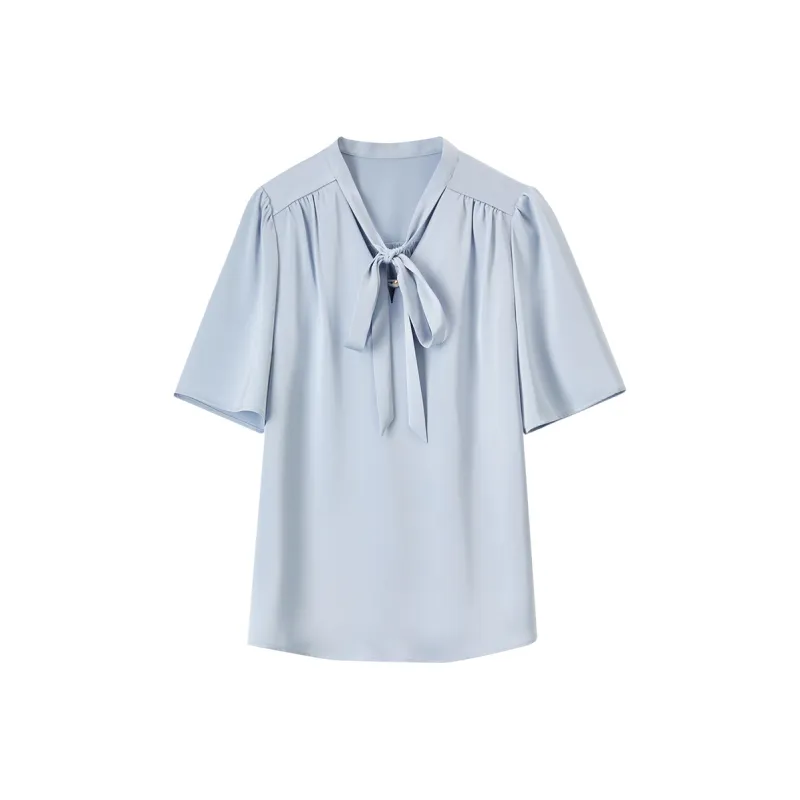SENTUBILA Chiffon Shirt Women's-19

━━━━━━━━━━━━━━━━

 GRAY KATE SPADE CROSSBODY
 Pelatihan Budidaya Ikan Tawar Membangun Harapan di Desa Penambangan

━━━━━━━━━━━━━━━━

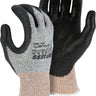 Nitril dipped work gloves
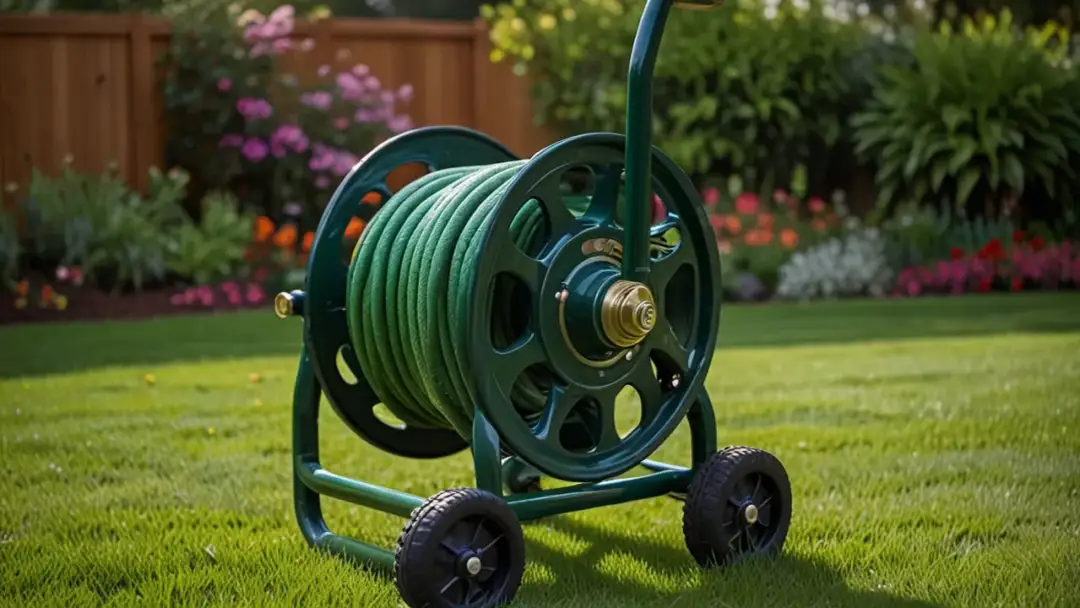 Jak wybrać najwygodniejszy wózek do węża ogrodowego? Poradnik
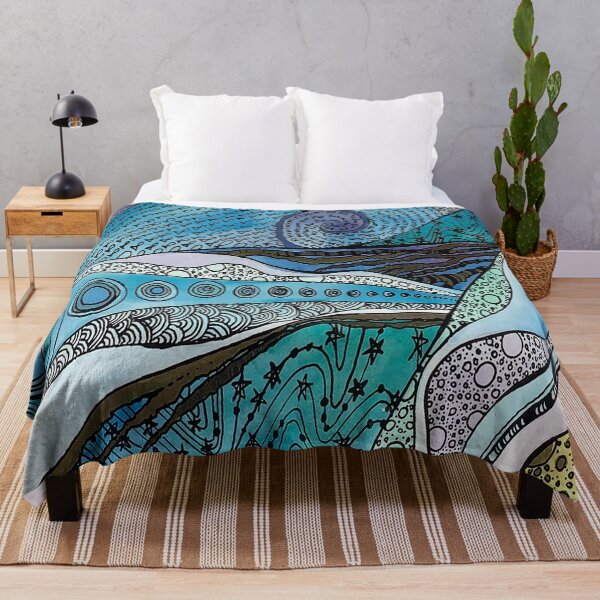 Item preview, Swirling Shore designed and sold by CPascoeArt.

━━━━━━━━━━━━━━━━

TASK TO CARRY OUT: When you reach the line holding "GRAY KATE SPADE CROSSBODY" in the records above, begin reproducing exactly, stop after the line holding "Pelatihan Budidaya Ikan", and output nothing else.

RESPONSE BELOW:
 GRAY KATE SPADE CROSSBODY
 Pelatihan Budidaya Ikan Tawar Membangun Harapan di Desa Penambangan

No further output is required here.